Lantaran hendak masuk ke dalam, mobil itu kemudian diarahkan ke samping jalan untuk diperiksa terlebih dahulu oleh dirinya.
"Namun baru saja tiga langkah, tiba-tiba bom meledak," katanya.
Setelah ledakan tersebut dirinya tidak tahu apa yang terjadi, sebelum kemudian ia terbangun dengan pandangan gelap.
Saat itu Iswanto mengaku hanya mendengar jeritan minta tolong dimana-mana.
Mencoba berdiri dengan meraba karena pandangannya gelap Iswanto kemudian memegang seluruh tubuhnya yang penuh luka dengan pakaian yang dikenakan telah compang-camping.
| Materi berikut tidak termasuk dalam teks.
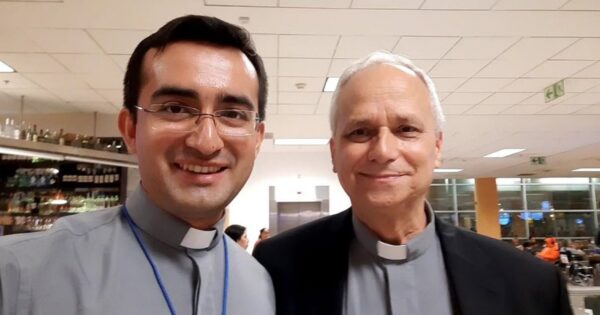 Former student of the Pontifical Irish College named as Pope’s personal secretary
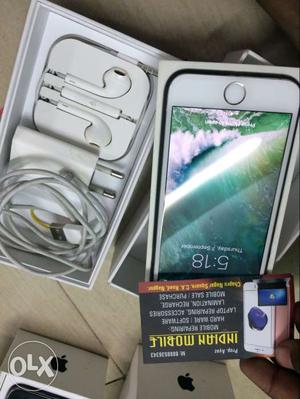 I phone 6 top condition 16gb with all accessories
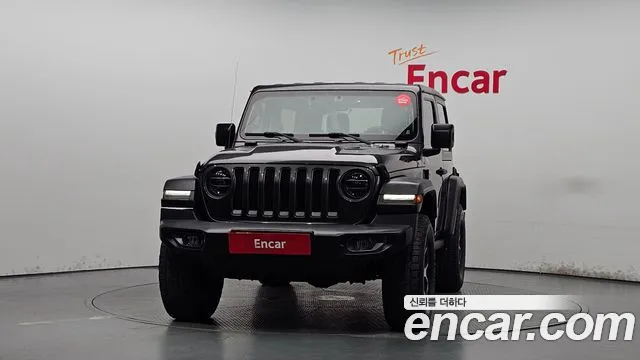 Jeep Wrangler 2020 thumb 3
"Saya belum menyadari mata saya tidak bisa melihat, saya hanya merasa mata saya panas," katanya.
Satu jam kemudian ia mendapat pertolongan pertama dengan dibawa ke rumah Sakit MNC.
Namun, begitu tiba di rumah sakit, ia mengaku terlantar lantaran saking banyaknya pasien akibat bom saat itu.
Ia duduk di lorong dengan harapan cepat dipanggil dokter ataupun suster.
Setelah menunggu lama tidak juga mendapat repon dari petugas.
Ia kemudian menarik rok suster yang lewat didepannya.
Rok suster tersebut ditarik hingga terjatuh di depannya.
Saat suster tersebut melihat yang menarik roknya adalah korban bom dengan luka parah, akhirnya kemudian ia ditangani.
"Bapak ingat saudara bapak? ingat nomor telepon? Saya jawab, saya ingat," katanya.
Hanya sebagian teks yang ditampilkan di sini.